Perjanjian Bongaya (Bunga atau Bongaja) adalah perjanjian damai antara Kesultanan Gowa yang diwakili oleh Sultan Hasanuddin dengan VOC yang diwakili oleh Laksamana Cornelis Spellman. Perjanjian Bongaya terjadi pada tanggal 18 November 1667 dan meskipun disebut perjanjian damai, namun isinya sebenarnya adalah deklarasi kekalahan Kerajaan Gowa dari VOC dan penegasan monopoli perdagangan VOC di pelabuhan Makassar. , yang saat itu berada di bawah kendali Gowa.
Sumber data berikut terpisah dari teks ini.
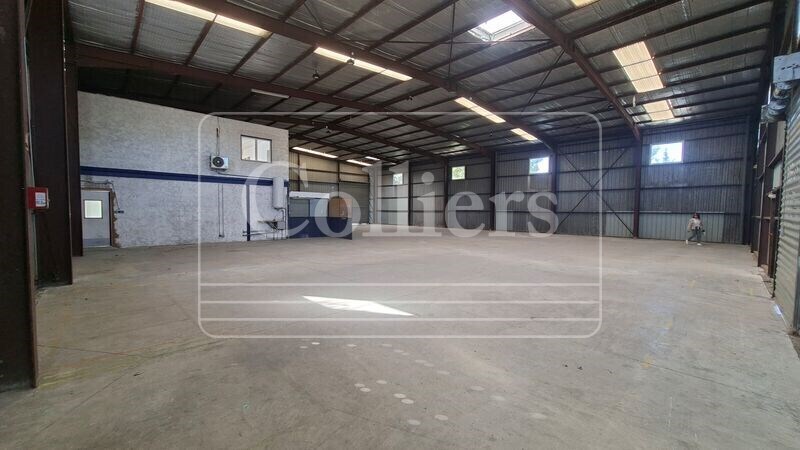 Flex in Velaux for lease - Interior Photo - Image 2 of 7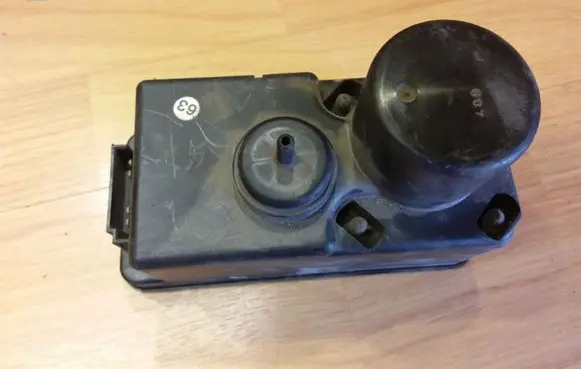 Volkswagen Golf III Central locking vacuum pump 357862257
Perjanjian ini dibuat setelah terjadi perang antara Pemerintah Gowa dengan VOC yang berpuncak pada pemerintahan Sultan Hasanuddin. Kekalahan Kerajaan Gowa dari persenjataan VOC memaksa ditandatanganinya Perjanjian Bongaya. Dalam perjanjian ini pihak Belanda dibantu oleh Aru Palaka. Hasil perjanjian Bongaya sangat menguntungkan VOC dan merugikan Kerajaan Gowa sebagai salah satu pemerintahan terbesar di Indonesia dan menjadi bagian dari sejarah pemerintahan Islam di Indonesia.
Isi Perjanjian Bongaya
Gowa saat itu menjadi kerajaan besar yang menguasai lalu lintas perdagangan di Indonesia bagian timur dengan bahan perdagangan utama adalah rempah-rempah. Situasi ini menyebabkan VOC menganggap pemerintah Gowa sebagai penghambat monopoli. Padahal orang Gowa menganut kebebasan berdagang, artinya mereka berdagang dengan siapa saja. VOC melarang Gowa berdagang dengan negara-negara Eropa lainnya. Aru Palaka juga memberontak terhadap Gowa dan memihak VOC. Setelah beberapa kali upaya Belanda menyerang Gowa digagalkan, dengan kekuatan penuh dan bantuan Aru Palaka VOC berhasil mengalahkan pemerintah Gowa dan menawarkan perjanjian untuk mengakhiri perang. Di antara isi perjanjian Bongaya adalah:
- Seluruh pimpinan dan warga VOC Eropa yang telah melarikan diri dan masih berada di wilayah Makassar segera diserahkan kepada Laksamana.
- Semua persenjataan dan perlengkapan non senjata yang diambil dari kapal Leeuwin di Don Duango dan kapal Walvisch di Selayar dikembalikan ke VOC.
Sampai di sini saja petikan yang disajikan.